Clarification: It's more my opinion than fact that no, one doesn't tell Thomas Keller not to use fat or anything green. I think that the French Laundry most likely would accomodate you as much as possible...there is likely at least one dish on the menu that could be made in a way that she could eat it. That said, I stand by not being so sure that one of the most exclusive restaurants in the country will be as exciting for her as it is for you. If someone had taken me to a really beautiful romantic restaurant with amazing food when I was still picky, I would have been miserable. Sorry.

Sashimi is actually is a good option, as a lot of it is really easily digestible. This might be something to work up to as a compromise. I fell into that raw fish icky thing too, until I tried it and found that raw fish is...you know, not fishy. Could you start with seared ahi tuna, move into the sushi counterpart, and then talk her into the divine barbequed eel? Oof, don't call it eel, though. Aw, forget the eel and try to get her into tuna sashimi, then proceed from there.

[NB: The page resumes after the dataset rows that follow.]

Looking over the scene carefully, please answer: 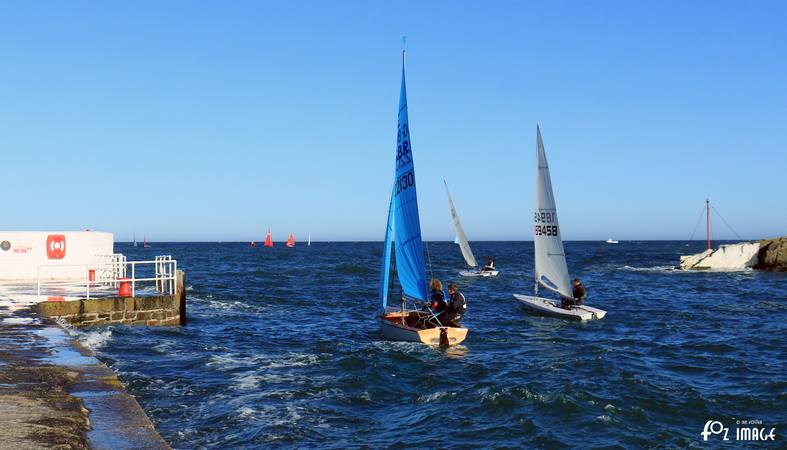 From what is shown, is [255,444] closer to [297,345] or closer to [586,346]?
[297,345]

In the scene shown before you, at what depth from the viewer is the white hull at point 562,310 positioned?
1160 inches

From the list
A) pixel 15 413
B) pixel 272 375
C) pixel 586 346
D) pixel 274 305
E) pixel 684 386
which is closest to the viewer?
pixel 15 413

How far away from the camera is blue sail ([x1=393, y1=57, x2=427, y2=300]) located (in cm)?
2236

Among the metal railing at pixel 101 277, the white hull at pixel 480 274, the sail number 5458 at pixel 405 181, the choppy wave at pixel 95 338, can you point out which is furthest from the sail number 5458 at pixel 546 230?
the white hull at pixel 480 274

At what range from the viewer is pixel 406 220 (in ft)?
74.6

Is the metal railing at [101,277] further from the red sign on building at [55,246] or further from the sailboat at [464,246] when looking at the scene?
the sailboat at [464,246]

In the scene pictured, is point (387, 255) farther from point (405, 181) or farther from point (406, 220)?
point (405, 181)

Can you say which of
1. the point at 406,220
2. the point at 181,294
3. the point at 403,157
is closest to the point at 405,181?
the point at 403,157

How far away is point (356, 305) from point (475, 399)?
2265 cm

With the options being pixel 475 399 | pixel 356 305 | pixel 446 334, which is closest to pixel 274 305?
pixel 356 305

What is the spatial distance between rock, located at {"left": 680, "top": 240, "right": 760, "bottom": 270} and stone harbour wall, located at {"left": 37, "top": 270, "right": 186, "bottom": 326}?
6238cm

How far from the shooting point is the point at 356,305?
124 ft

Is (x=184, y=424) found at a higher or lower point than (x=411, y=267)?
lower

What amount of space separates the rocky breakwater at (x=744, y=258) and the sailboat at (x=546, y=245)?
46244mm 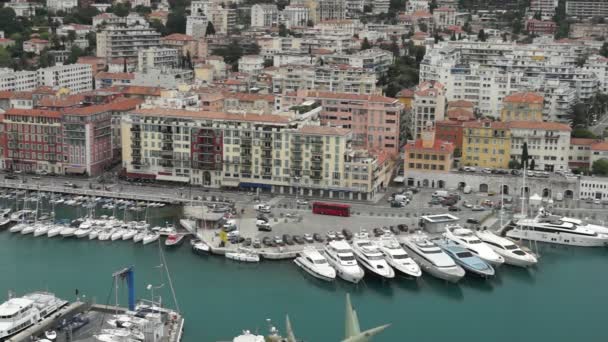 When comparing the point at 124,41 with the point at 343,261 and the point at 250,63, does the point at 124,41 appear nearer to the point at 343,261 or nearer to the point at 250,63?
the point at 250,63

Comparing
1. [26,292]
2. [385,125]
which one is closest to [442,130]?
[385,125]

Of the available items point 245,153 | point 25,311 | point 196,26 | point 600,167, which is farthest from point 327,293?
point 196,26

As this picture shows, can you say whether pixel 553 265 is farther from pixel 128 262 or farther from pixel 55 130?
pixel 55 130

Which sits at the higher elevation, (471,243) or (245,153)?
(245,153)

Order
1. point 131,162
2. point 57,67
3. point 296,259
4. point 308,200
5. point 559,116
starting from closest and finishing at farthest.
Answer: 1. point 296,259
2. point 308,200
3. point 131,162
4. point 559,116
5. point 57,67

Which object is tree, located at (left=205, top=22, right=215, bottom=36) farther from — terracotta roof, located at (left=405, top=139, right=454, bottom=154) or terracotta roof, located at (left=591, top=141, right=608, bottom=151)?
terracotta roof, located at (left=591, top=141, right=608, bottom=151)

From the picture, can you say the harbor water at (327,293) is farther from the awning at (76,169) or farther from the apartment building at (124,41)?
the apartment building at (124,41) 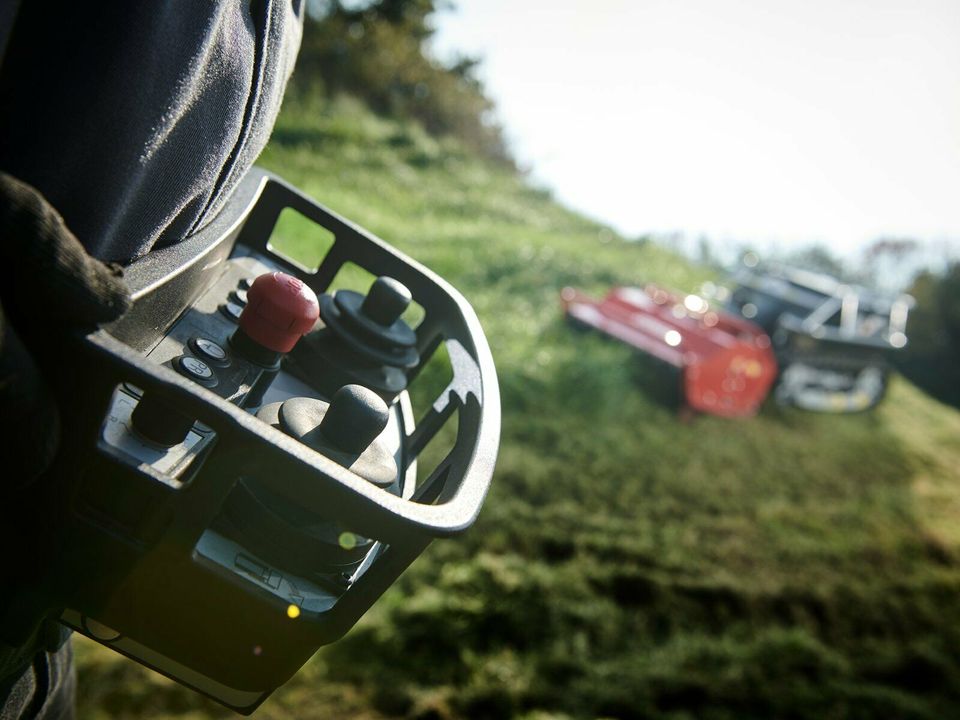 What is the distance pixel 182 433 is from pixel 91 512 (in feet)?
0.32

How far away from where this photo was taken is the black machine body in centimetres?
62

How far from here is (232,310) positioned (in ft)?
3.36

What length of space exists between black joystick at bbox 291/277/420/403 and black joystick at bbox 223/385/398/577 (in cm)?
21

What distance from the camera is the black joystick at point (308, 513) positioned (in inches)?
28.6

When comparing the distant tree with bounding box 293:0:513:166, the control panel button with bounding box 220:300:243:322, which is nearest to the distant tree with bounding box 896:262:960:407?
the distant tree with bounding box 293:0:513:166

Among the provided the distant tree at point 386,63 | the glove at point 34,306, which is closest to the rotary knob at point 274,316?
the glove at point 34,306

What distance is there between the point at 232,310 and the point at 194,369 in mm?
226

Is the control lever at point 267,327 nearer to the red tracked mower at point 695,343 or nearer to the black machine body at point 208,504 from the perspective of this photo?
the black machine body at point 208,504

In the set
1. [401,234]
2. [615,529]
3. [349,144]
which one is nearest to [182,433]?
[615,529]

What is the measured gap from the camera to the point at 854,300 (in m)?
7.17

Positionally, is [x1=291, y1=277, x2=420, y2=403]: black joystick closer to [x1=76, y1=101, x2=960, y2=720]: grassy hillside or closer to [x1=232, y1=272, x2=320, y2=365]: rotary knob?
[x1=232, y1=272, x2=320, y2=365]: rotary knob

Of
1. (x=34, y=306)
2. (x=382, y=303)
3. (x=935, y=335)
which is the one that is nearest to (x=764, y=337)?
(x=382, y=303)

[sigh] I feel for you. Try not to argue about food. Her medical issues are non-negotiable, obviously. Her unwillingness to try new foods, well, ultimately she'll have to decide on her own to try something. Probably when no-one's looking. E-mail if you want to pick my brain more on how I "evolved."
posted by desuetude at 8:03 PM on June 20, 2005


Don't take her to these gorgeous meals. What's the point of taking her out and having her eat chicken and rice while you sample tasty, exotic foodstuffs? As a fellow food lover, nothing could kill the experience faster except for, uh, sucky food. Find a friend to go these restaurants with and leave your gf at home. When you get back, tell her all about it or maybe she won't want to hear it and this'll just be your thing. I have a feeling you'll both be happier for it. Couples don't have to do everything about it. Sometimes two people can't reach a compromise and they should just go their own way.
posted by nixerman at 8:57 PM on June 20, 2005


From experience, I also second the chow friend option. Together with my wife and kids we found some restaurants in our neighborhood that we visit for family meals. Nothing special food-wise, but the predictable menu takes a lot of pressure away from the dining experience.
If I feel like having something special, I have dinner with my food friends. We even make some food frenzy trips once in a while. This may sound like a bit too much. But on the other hand - I don't have a weekly pokernight, I don't go to football games, I am a faithful husband (yes, my wife is also reading MeFi), and I don't have that shoe and boot thing going on, so what's the problem?
Also, as I do all the cooking in the household, I use my new experiences to develop my home cooking skills, from which she also benefits. The first time I went out on a food safari with my buddy, I felt a bit awkward, but that feeling was immediately gone when I tasted some wild strawberries (on the market in Yangon, Burma, to be exact). Damn, you only can find out that you can be knocked out of your senses by eating a strawberry at the other side of the globe when you actually do it. Meanwhile, I still count my blessings for the solution we worked out.
posted by ouke at 1:56 AM on June 21, 2005


Befriend another foodie/non-foodie couple who likes to travel. You and your fellow foodie can enjoy the nice restaurants and let the non-foodies shop or sightsee or go to museums.

Barring that, just suck it up and spend a night alone in Napa (or wherever). Don't make your girlfriend tag along on a trip she won't enjoy just because you need company.
posted by nebulawindphone at 5:54 AM on June 21, 2005


Chowbuddy, chowbuddy, chowbuddy. It can't be said enough. That in conjunction with calling ahead (and tipping well!) and home experimentation seems like it's going to be the only viable solution. Wish I could offer some advice on how to expand a picky palate, but my own foodie-awakening was more of a lightning strike: that is, suddenly I became willing to try anything once. And I'm usually glad I did.

There can be upsides to the DIY route, though. I never would've attempted to make my own marshmallows until I became close friends with a vegetarian.